Les résultats chirurgicaux anatomiques
et fonctionnels sont très décevants.
Une chirurgie endoculaire avec
utilisation d’un tamponnement interne est le plus souvent
nécessaire : il s’ensuit les complications du tamponnement interne à
type d’hypertonie et d’hypotonie avec un retentissement fonctionnel
important.

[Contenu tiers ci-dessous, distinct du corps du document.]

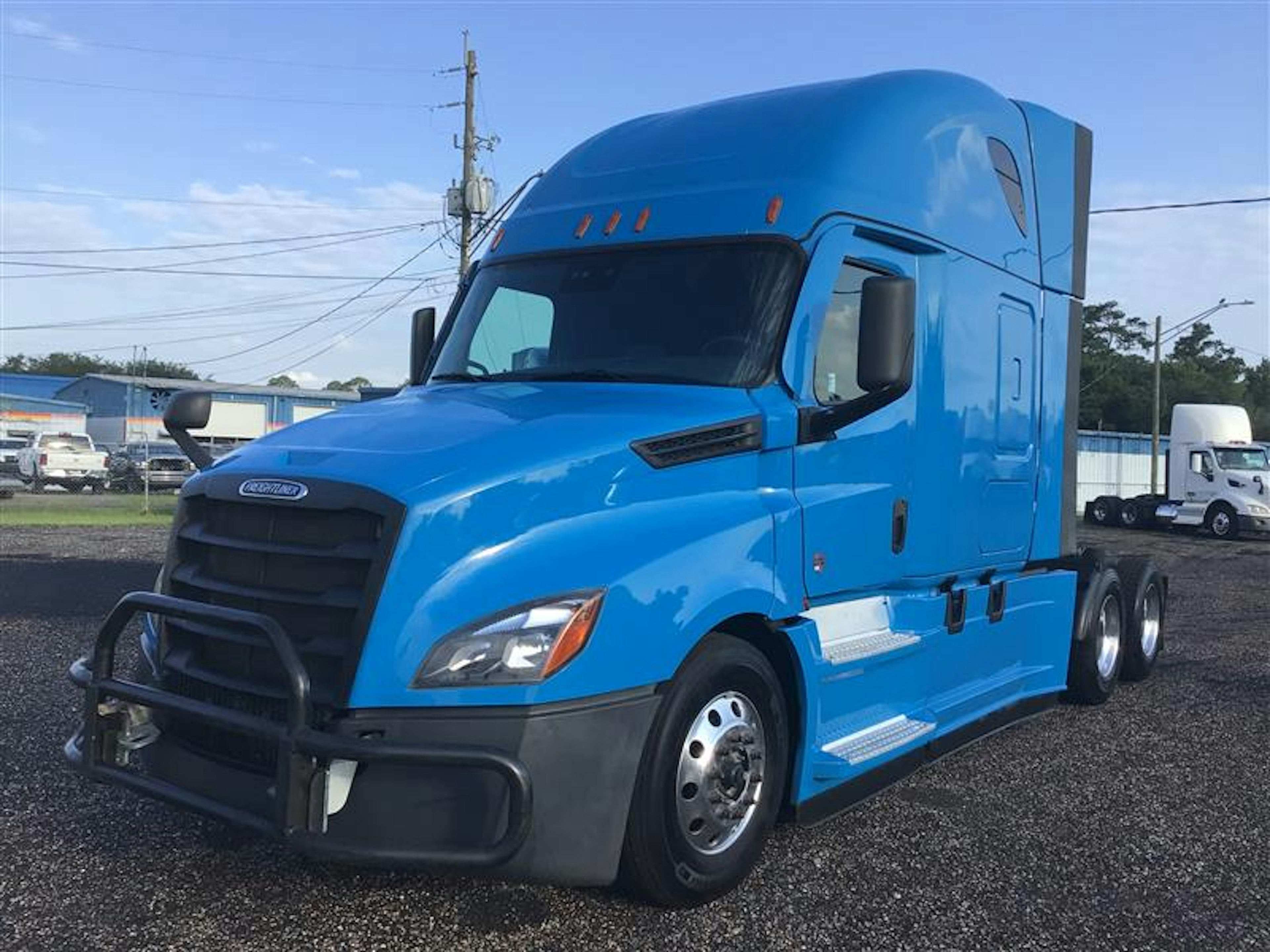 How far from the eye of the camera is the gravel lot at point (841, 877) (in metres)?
3.76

Seuls trois yeux sur 13 ont été traités avec succès dans la
série de Cooling ; sur cinq patients, Wiedemann utilise un
tamponnement interne par silicone dans quatre yeux, responsable
de deux hypertonies et deux phtisies.
Le geste chirurgical est également rendu difficile par le trouble des
milieux, vergetures cornéennes et cataracte ; celle-ci doit souvent être
traitée devant un tableau de décollement de rétine associé à une
prolifération vitréorétinienne sévère.
Une surveillance régulière du segment postérieur est ainsi
recommandée chez ces patients.
4- Amblyopie
:
L’amblyopie est fréquente et peut être uni- ou bilatérale.
Elle
représente une des principales et des plus graves complications du
glaucome congénital.
Sa rééducation débute dès que la
normalisation tensionnelle est obtenue et que les milieux ont
retrouvé leur transparence.
L’erreur réfractive doit être corrigée le
plus parfaitement possible et l’enfant est confié aux spécialistes dans
les meilleurs délais.
Conclusion
:
Les glaucomes congénitaux peuvent se présenter sous des formes
variées, mais certains éléments sont immuables : la buphtalmie présente
à la naissance est une véritable urgence chirurgicale et la goniotomie ou
la trabéculotomie en sont les traitements presque spécifiques.
Ensuite,
et quels que soient la forme clinique et le stade évolutif, il faut garder à
l’esprit que c’est l’étude anatomique du globe, en particulier de l’angle iridocornéen, qui doit servir de guide thérapeutique.
Mais le glaucome
congénital peut poser des problèmes à toutes les étapes, du diagnostic à
la guérison clinique.
Il s’agit en effet d’une affection polymorphe à
laquelle peut s’appliquer tout un arsenal thérapeutique dont il faut
apprécier, cas par cas, l’efficacité et l’innocuité, toujours relatives.
Il
faut aussi savoir ne pas se contenter de la normalisation tensionnelle,
car le traitement de l’amblyopie peut être encore plus difficile que celui
de l’hypertonie.
Enfin, la surveillance, à laquelle doivent participer les
parents, doit être prolongée sur de nombreuses années, car les reprises
tardives de l’hypertonie ne sont pas rares.